Een eeuw geleden klaagde historicus Henry Adams op beroemde wijze dat zijn elite-opleiding er totaal niet in was geslaagd hem voor te bereiden op de snel industrialiserende wereld van het begin van de 20e eeuw. Hij voelde zich op drift in een zee van technologische veranderingen, slecht toegerust door de klassieke en religieuze studies die hij had gevolgd. De kritiek van Adams, die bijna 120 jaar geleden werd geschreven, weerklinkt vandaag met een verontrustende relevantie.

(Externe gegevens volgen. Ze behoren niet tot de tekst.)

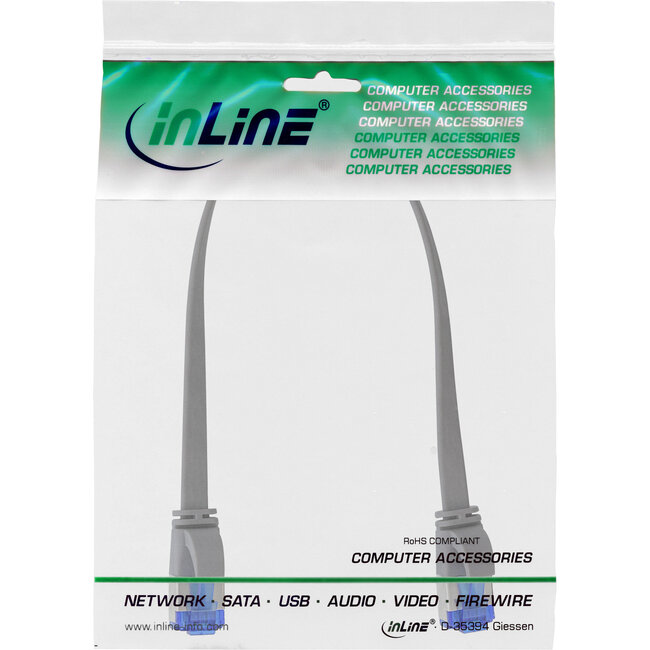 InLine® Patchkabel plat, U/FTP, Cat.6A, TPE halogeenvrij, grijs, 0,3m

Het onderwijslandschap wordt niet alleen hervormd door revolutionaire technologieën zoals AI, maar ook door ideologische botsingen binnen de VS zelf. De federale overheid bezuinigt tegelijkertijd op de financiering van universiteiten en eist tegelijkertijd meer controle over het curriculum en de toelating. Dit creëert een giftige omgeving waarin traditionele instituties moeite hebben om zich aan te passen aan de behoeften van een snel evoluerende wereld. Maar in plaats van helemaal te verdwijnen, vindt het onderwijs nieuwe wegen – wegen die het steeds beladen terrein van de traditionele academische wereld omzeilen.
Neem Karen Attiah, een ervaren journalist en hoogleraar internationale zaken die tot dit jaar les gaf aan Columbia University. In 2024 werd ze abrupt ontslagen door zowel Columbia als The Washington Post vanwege berichten op sociale media waarin kritiek werd geuit op racisme en rechts activisme. In plaats van zich terug te trekken uit het lesgeven, draaide Attiah zich om en transformeerde haar geannuleerde Columbia-cursus in ‘Resistance Summer School’, een livestream die toegankelijk is voor iedereen die bereid is collegegeld te betalen. De respons was explosief: binnen 48 uur schreven zich 500 studenten in, terwijl de wachtlijst nog veel verder reikte. Nu biedt Attiah dit najaar twee cursussen aan – een bewijs van de honger naar onderwijs die gedijt buiten de gevestigde systemen.
De aanpak van Attiah is weliswaar onorthodox, maar weerspiegelt die van docenten die er al lang naar streven kennis te democratiseren. Haar lessen roepen een gevoel op van terugkeer naar de grondbeginselen, dat doet denken aan universitaire lezingen van decennia geleden.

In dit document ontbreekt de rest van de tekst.